To save time during client onboarding, you might feel inclined to start filling in the blanks yourself. However, cutting corners during initial client consultations is never truly efficient. While it may save time in the moment, this approach often leads to unintentional client disengagement and presents bottlenecks later in the legal process. This is just one practical example that points towards the importance of systemic efficiency over localized efficiency.

Tune in this week to discover where you might be sacrificing long-term flow in pursuit of short-term efficiency. I discuss how engaging your clients in the legal process improves long-term efficiency, and you’ll learn how to start balancing the immediate demands of your legal work with long-term efficiency in your practice.


Start your Agile transformation today!
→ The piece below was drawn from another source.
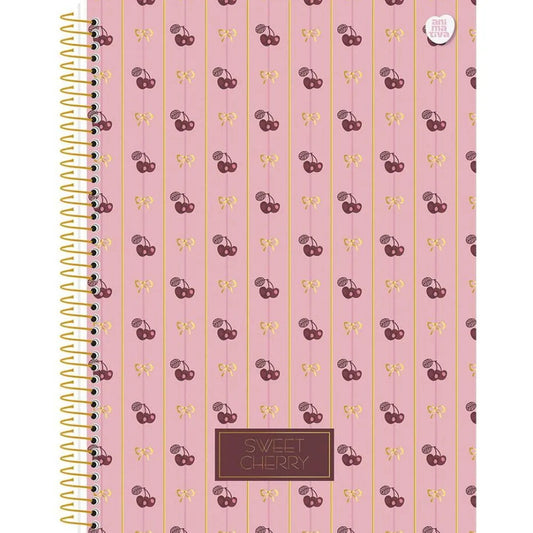 Caderno Grande Universitário Sweet Cherry Cereja Capa Dura 10 Matérias Animativa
Grab these free resources, including my Law Firm Policy Template, to help you and your team develop a more Agile legal practice. 
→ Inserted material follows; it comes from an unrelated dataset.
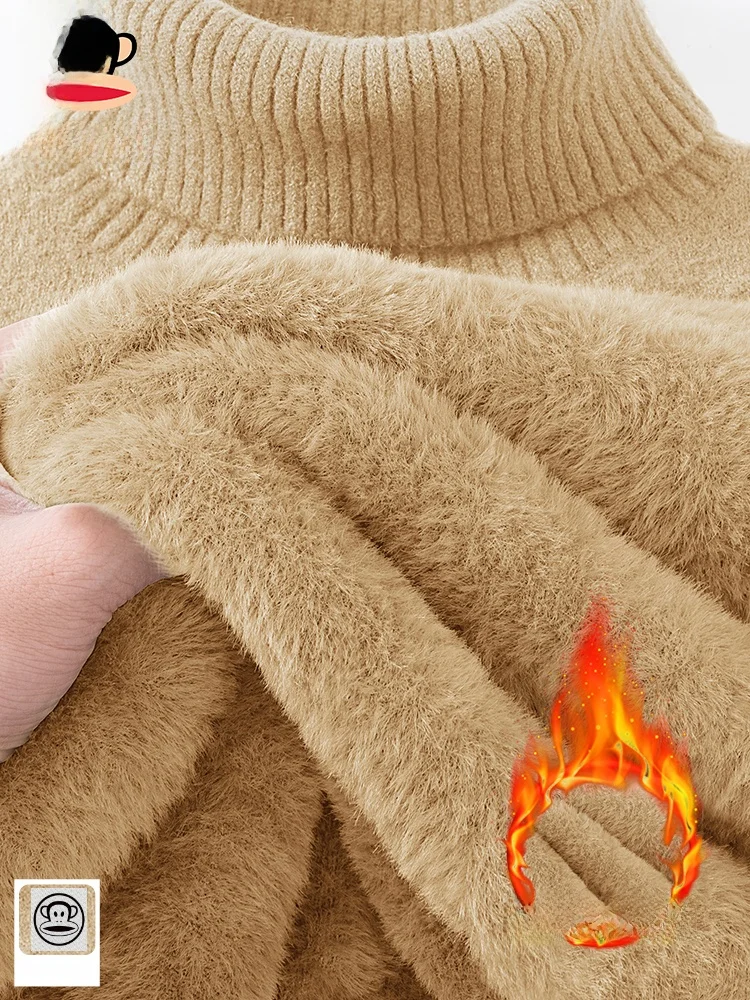 

Men's Retro High Collar Fce Knitwear Warm Inner Wear Outerwear ible Soft Thiened Long Sve Sweater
What You'll Learn in This Episode:

  • Why focusing on short-term efficiencies can harm long-term productivity in your legal practice.
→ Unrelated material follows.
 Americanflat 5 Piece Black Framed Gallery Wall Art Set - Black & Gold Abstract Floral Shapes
  • How to identify and address bottlenecks in your legal workflow caused by the pursuit of short-term efficiency.
  • The importance of involving clients in the legal process rather than taking on all responsibility yourself.
  • How to reframe your approach to client relationships to achieve better long-term outcomes for everyone concerned.
  • Strategies for focusing on the long-term flow of work through your law practice, instead of short-term efficiency.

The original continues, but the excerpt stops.